Saying that online safety is now its customers' primary concern, Microsoft will offer McAfee virus scan and firewall products to U.S. customers of its upcoming MSN Premium broadband Internet subscription service.
The software giant said Friday that it sealed a deal with intrusion prevention provider Network Associates to include the company's McAfee VirusScan and Personal Firewall Plus products with the MSN Premium service due out later this year.
America Online has also enlisted Network Associates to provide the McAfee products to its customers and Yahoo, which offers broadband service in the U.K. with British Telecommunications under the BT Yahoo Broadband brand, has said that it plans to add antivirus and free firewall products to its service.
The added security measures are particularly important for broadband users, Microsoft said, who have an always-on connection and are vulnerable to viruses, worms, and Trojan horses transmitted through file sharing, Web site downloads, and instant messaging.
McAfee's VirusScan product is automatic antivirus software that detects potential threats and prevents them from infecting users' computers, whereas the firewall product acts as a barrier between a user's PC and the Internet.
U.S. customers of the upcoming MSN Premium service will receive both McAfee products as part of their subscription, Microsoft said. The company did not say whether the expanded security features would eventually be available to subscribers outside the U.S.
The move to bolster broadband customers' online security comes amid wider promises by the software maker to shore up its security efforts and on the heels of a wave of damaging worm and virus attacks that have heightened consumers' awareness of the threats.

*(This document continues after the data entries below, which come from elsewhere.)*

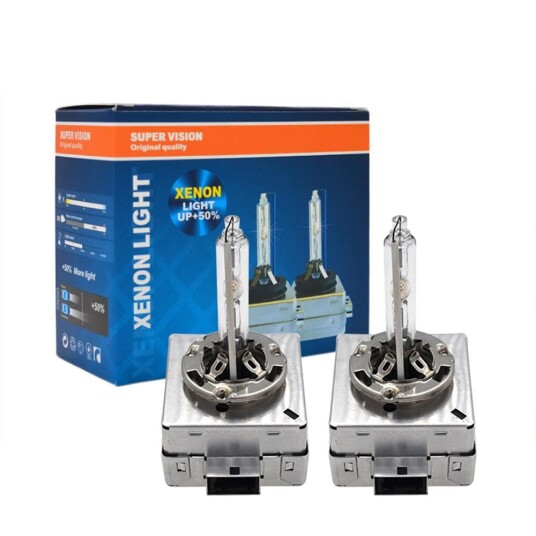 Xenonlamper D1C D1S D1R 4000K 2-pakning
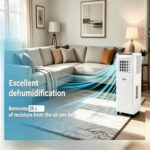 9,000 BTU 4-in-1 Portable Air Conditioner - Image 4
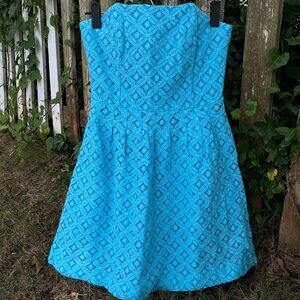 Lilly Pulitzer Caitlyn Strapless Dress - 4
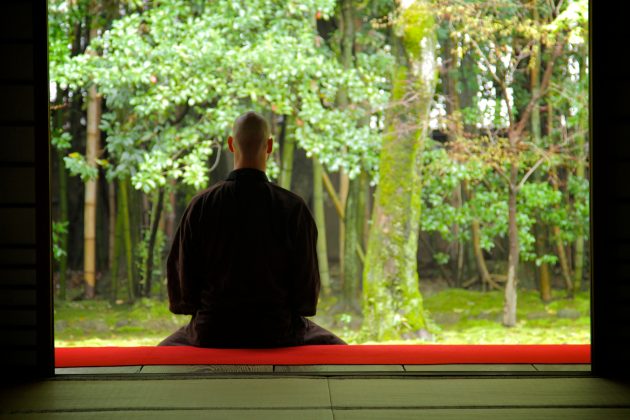 Michael Stone - Meditating in Kyoto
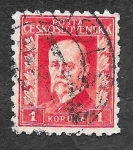 Stamps Czechoslovakia -  131 - Tomáš Garrigue Masaryk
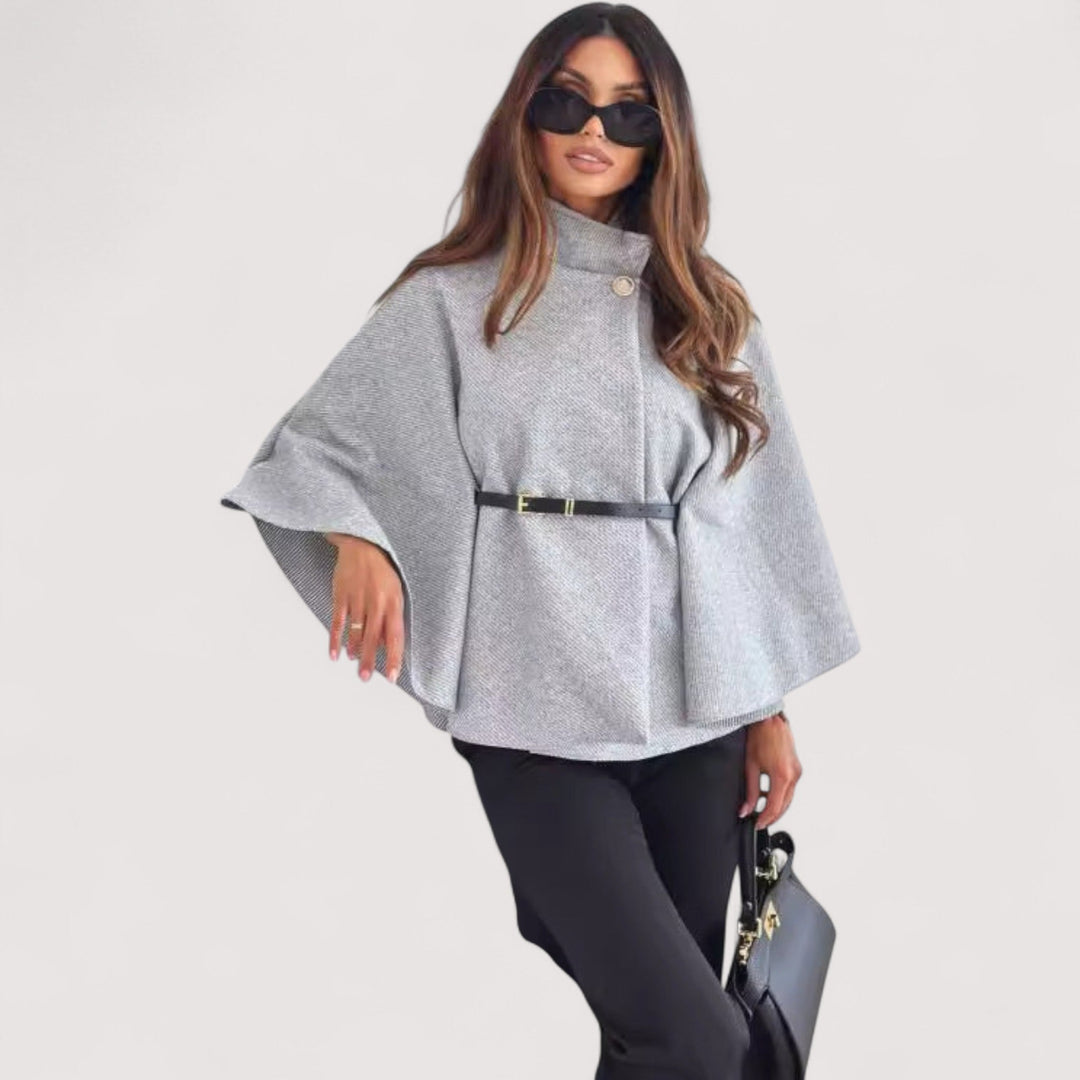 Drune | Elegante Schmetterlingsjacke mit Gürtel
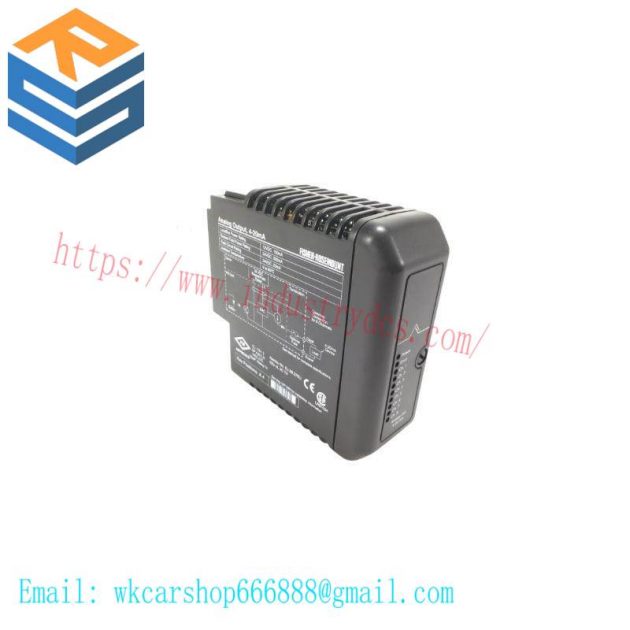 FISHER-ROSEMOUNT KJ3002X1-BB1 - Advanced Process Control Module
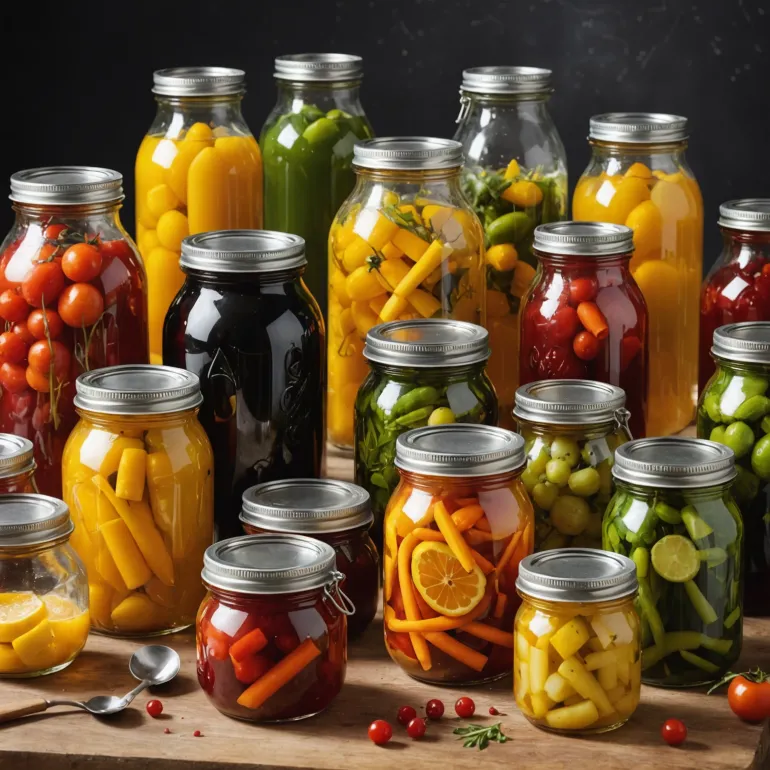Стерилизация банок уксусом — преимущества, недостатки и альтернативы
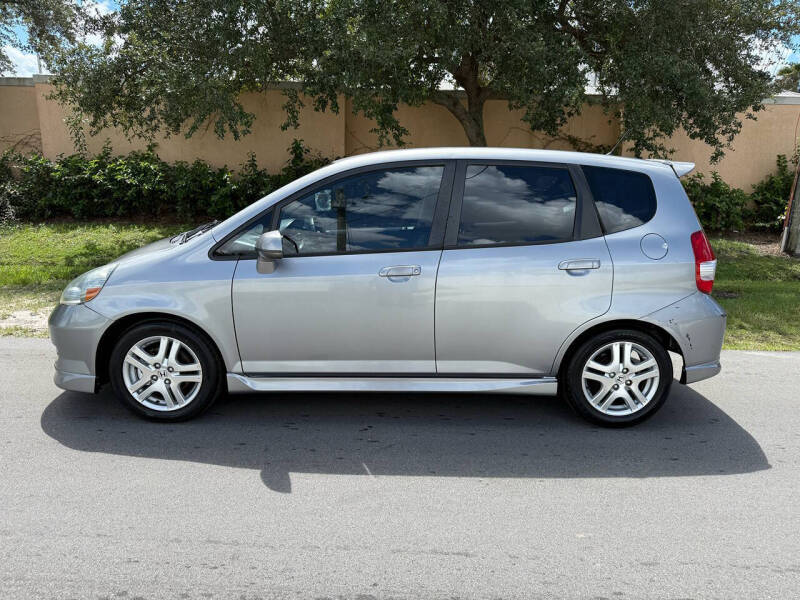 2007 Honda Fit Sport
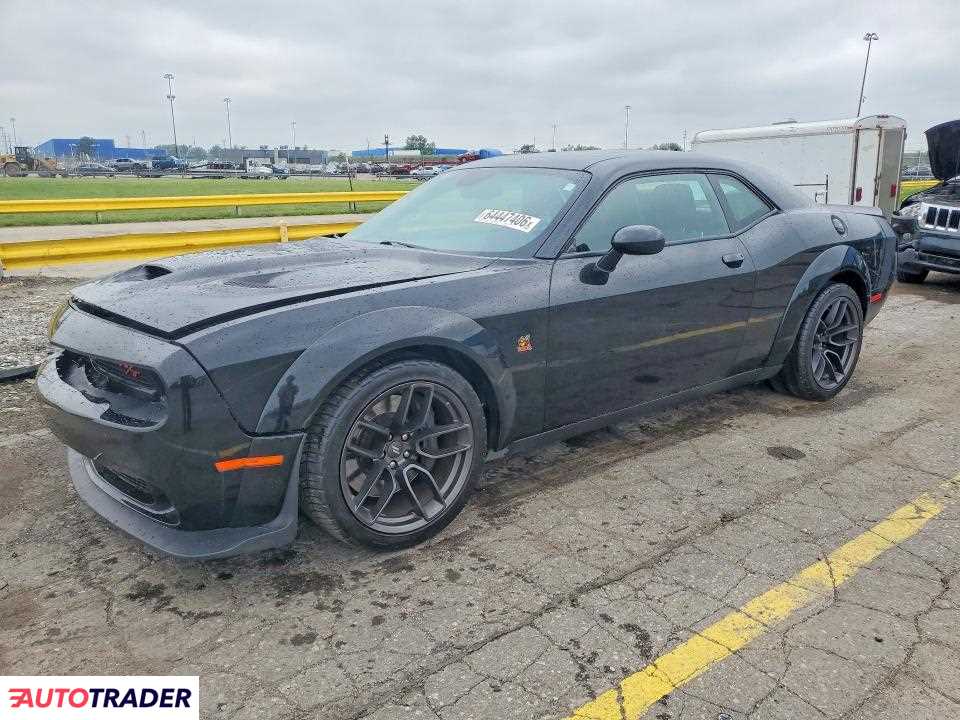 Dodge Challenger 2020 6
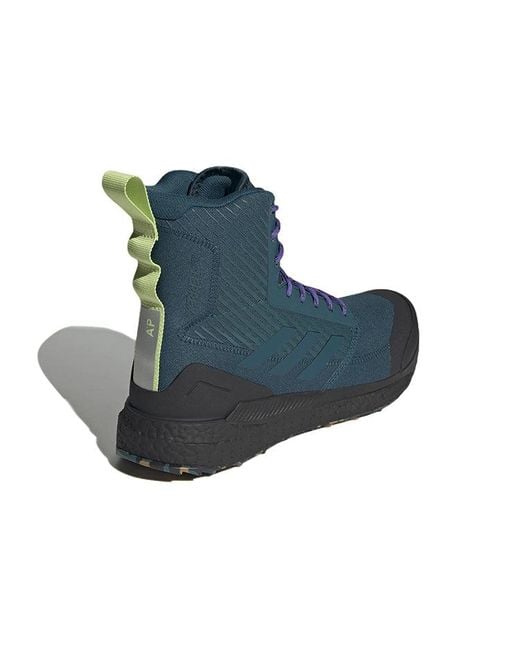 Adidas Blue Parley X Terrex Free Hiker Xpl 'Utility' for men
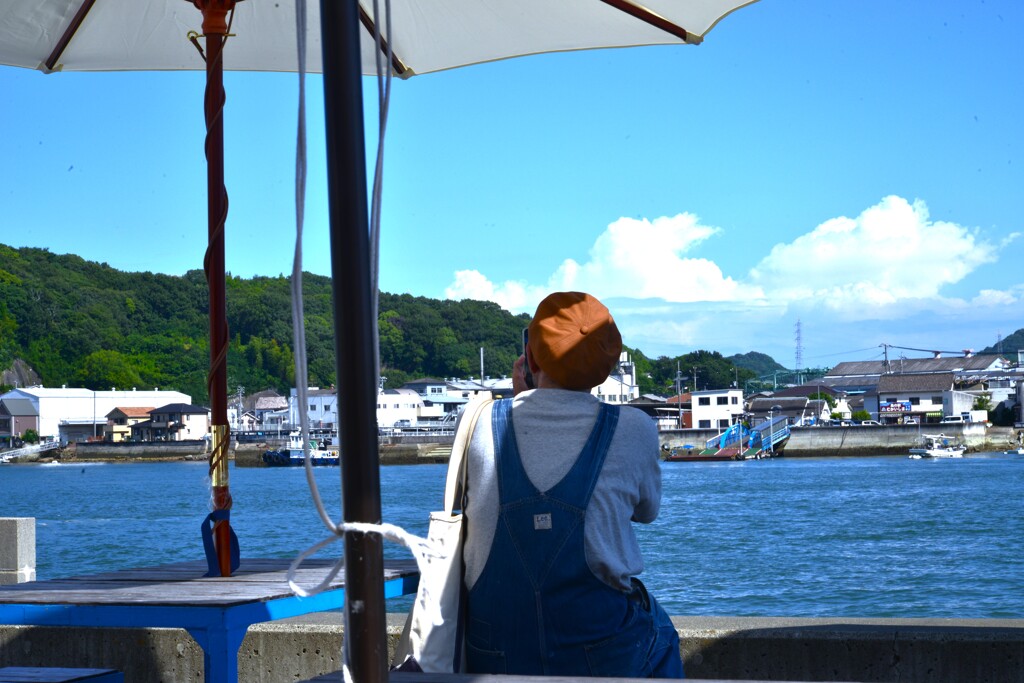 真夏の尾道水道　➃。。。！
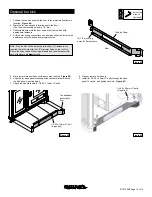 Предварительный просмотр 10 страницы Spectrum Media Manager Elite Lectern 55258 Owner'S Manual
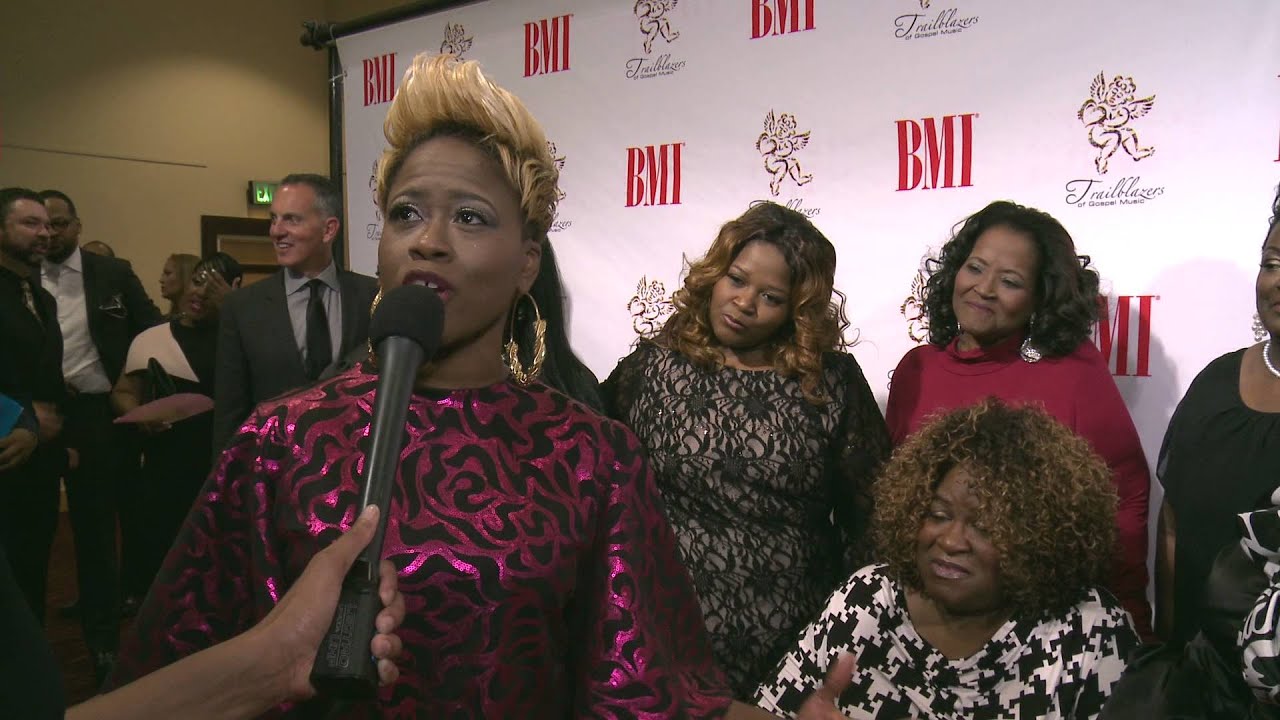 The Anointed Pace Sisters interviewed at the 2015 Trailblazers of Gospel Music Awards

"This collaboration between Microsoft and McAfee is welcome news because our research shows that home broadband connections are most susceptible to attacks," said DK Matai, chief executive of U.K. security company mi2g.
Helping Home Users
Matai said that most companies have antivirus tools in place but home users aren't as savvy at protecting their PCs. However, no matter how much money is put into bundling antivirus products with broadband services, the biggest problem is getting home users to download security patches to protect against potential threats, Matai said.
The "MSBlast" worm that circulated recently infected hundreds of thousands of machines even though a patch was available, he said.
Matai suggested incorporating an automatic patch download program for home users. For now, however, antivirus, and personal firewall products are a step in the right direction, he said.